*TASK STATEMENT*
All of the data below should be printed again exactly, pictures excluded.

*THE DATA*
------
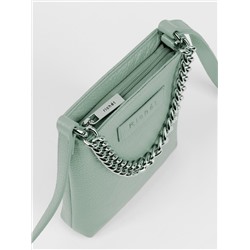 Женская кожаная сумка Richet 3258LN 779 Зеленый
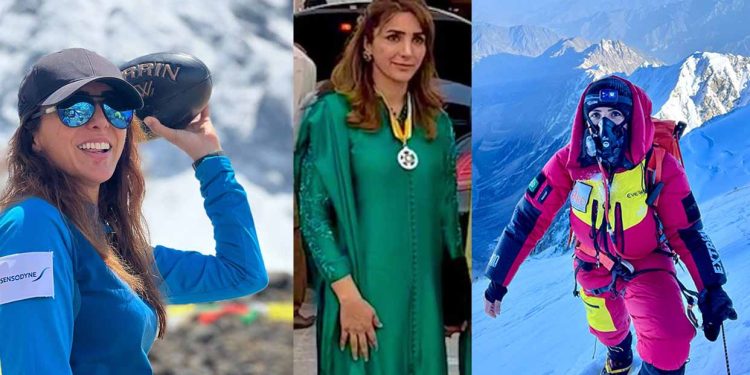The Mother of Two Naila Kiani Becomes First Pakistani Woman to Scale 11, 8,000m Summits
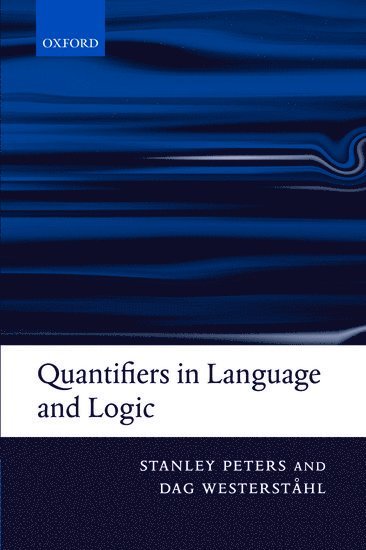 bokomslag Quantifiers in Language and Logic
------
*COMPLETED TASK*
 Женская кожаная сумка Richet 3258LN 779 Зеленый
The Mother of Two Naila Kiani Becomes First Pakistani Woman to Scale 11, 8,000m Summits
 bokomslag Quantifiers in Language and Logic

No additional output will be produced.